Core SRE concepts questions
"Explain SLI, SLO, and SLA." An SLI is the actual measurement: request success rate, p99 latency, availability. An SLO is your internal target: 99.9% success rate. An SLA is a customer contract specifying consequences if the SLO is missed. SLOs should be aspirational but achievable; SLAs should be set below your actual SLO to maintain a buffer before contractual penalties.
"What is an error budget?" The allowable downtime implied by your SLO. At 99.9% uptime, your monthly error budget is 43 minutes. If you have consumed 90% of your budget, slow feature releases and prioritise reliability work. If your budget is healthy, move fast. Error budgets make the reliability trade-off explicit and remove the adversarial dynamic between product and SRE.

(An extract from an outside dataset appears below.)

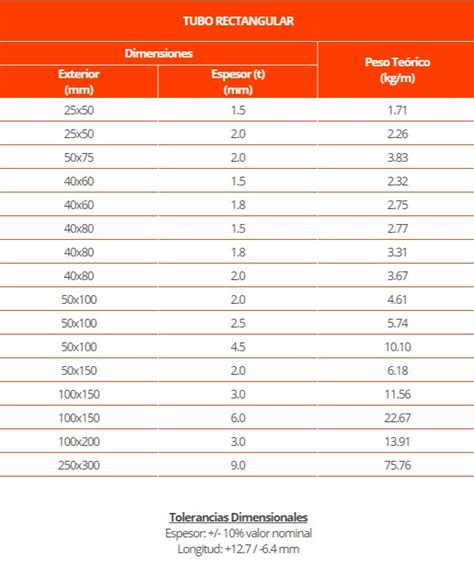 Tubos Con Costura Cuadrados Y Rectangulares Lac A Grado A Aceros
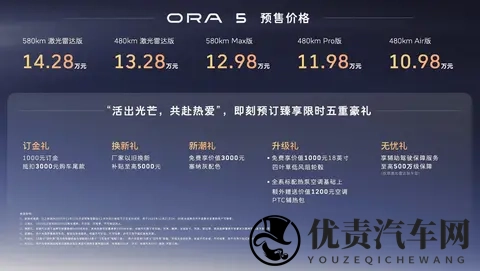 预售价1098-1428万元 欧拉5正式开启预售-2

Incident management questions
"Walk me through how you would respond to a P1 incident where 30% of users cannot log in." Strong answer: Declare the incident (set up channel, assign commander), triage (check recent deploys, examine error logs, check metrics), mitigate first (rollback if a recent deploy correlates; do not wait for root cause), communicate proactively (status update within 15 minutes), identify root cause after mitigation, write a blameless postmortem within 48 hours with specific action items.
"What makes a good postmortem?" Blameless (focuses on system failures, not individuals), has a clear timeline, identifies contributing factors at multiple levels, and produces specific actionable items with owners and due dates. The goal is to prevent the class of incident from recurring, not just to document what happened.
Technical questions
Common SRE technical topics: Kubernetes resource limits and requests, Prometheus alerting rules and label cardinality, distributed tracing (OpenTelemetry), chaos engineering (Chaos Monkey, GameDays), Linux performance tools (top, vmstat, strace, perf), and reading flame graphs for CPU profiling. SRE roles at Google, Meta, and Stripe include LeetCode-style coding rounds alongside the operational topics, so prepare algorithm questions in addition to systems knowledge.
Toil reduction questions
"What is toil and how do you decide what to automate first?" Toil is repetitive, manual, automatable work that scales with service growth. Prioritise by: measure time cost per week, estimate automation effort, calculate payback period. Focus on high-frequency, high-time-cost toil with low automation complexity. Target is keeping toil below 50% of the team's time. Google SRE Book (free online) defines and elaborates this concept — read it before any SRE interview, as interviewers draw directly from it.